FOM: Absolute truth
John Mayberry
J.P.Mayberry at bristol.ac.uk
Tue Mar 30 10:16:57 EST 1999
Vladimir Sazonov has raised some very important issues in his posting
of 30 March. There's a lot of what he says that I don't really disagree
with. In particular, I think that his attempt to clarify the notion of
"feasibility" and its bearing on the foundations of arithmetic is
useful and interesting. But it seems to me that he has got himself into
an awful muddle about truth, and the muddle is not unique to him, but
is quite widespread.
A mathematician is a kind of professional sceptic: he demands
that propositions be *proved* and terms be *defined*, and his standards
of proof and definition are much much stronger than those of any other
science. Benjamin Peirce put it rather well: "Mathematics is the
science which draws necessary conclusions." It is their attempt to draw
*necessary* conclusions that distinguishes mathematicians from
physicists, for example.
Mathematicians have *ideal* standards of proof and definition,
although in particular cases they may, indeed, do fall short of the
ideal. But, of course, you can't prove every proposition and you can't
define every concept. The mathematical propositions that are accepted
as true without proof, and the mathematical concepts that are accepted
as meaningful without definition constitute the foundations upon which
mathematics rests.
There is nothing irrational or anti-intellectual, *per se*, in
doubting whether a given proposition is true or a given concept is
clearly determined. (There is nothing irrational in Sazonov's doubting
that the notion of natural number is clearly determined in this sense.)
What is irrational and anti-intellectual is *declaring*, as Bourbaki
did that there is no such thing as a true proposition or a determinate
concept. If you really believed that, why would you take up mathematics
as a profession?
Sazonov says "I cannot imagine that, say, the Choice Axiom (and
what is proved with its help) is TRUE or FALSE in some absolute sense
of those words." But there is no "absolute" sense of those words, when
they are used in their primary meanings, which are the only ones
relevant here. Truth and falsehood do not admit of degrees. *Certainty*
admits of degrees, and *absolute* certainty may indeed be unattainable,
or even undesirable. But what we are certain (or uncertain) *of* is the
truth or falsity of propositions.
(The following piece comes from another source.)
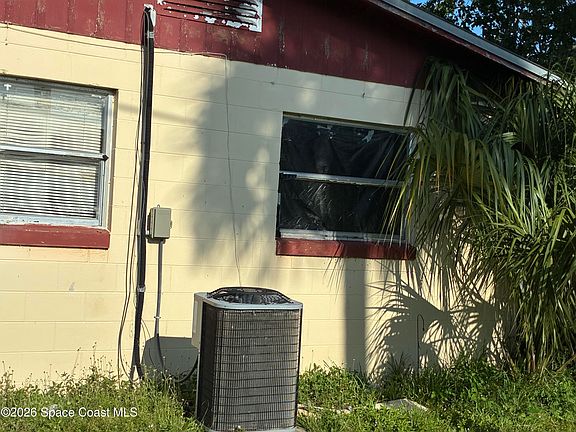 3rd image of 3783 Wood Cir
We can't even make sense of the
notion of certainty unless there is something for us to be certain or
uncertain about. "Certainty" is a psychological term, and therefore
does not belong to logic. And allowing psychological notions to leach
out into our logical ones is productive of the most profound confusion.
We can see this confusion at work in Sazanov's own remarks: "I
like this axiom [i.e. the Axiom of Choice] and rather consider it as
REASONABLE or USEFUL." Now "reasonable" is ok here - you might think it
is *reasonable* to suppose the axiom to be true - you might even think
that if you thought it to be false, or unsuitable in the role of an
*axiom*. But whatever could it mean to think it *useful*? Useful for
what? We are talking about *proof* here. Any proposition occurring as
an ultimate presupposition in a proof is utterly useless unless it is
true, and even being true is not enough for a proproposition to be
taken as an *axiom*. We may think Goldbach's conjecture is true; it may
*be* true. But we cannot just take it as an axiom.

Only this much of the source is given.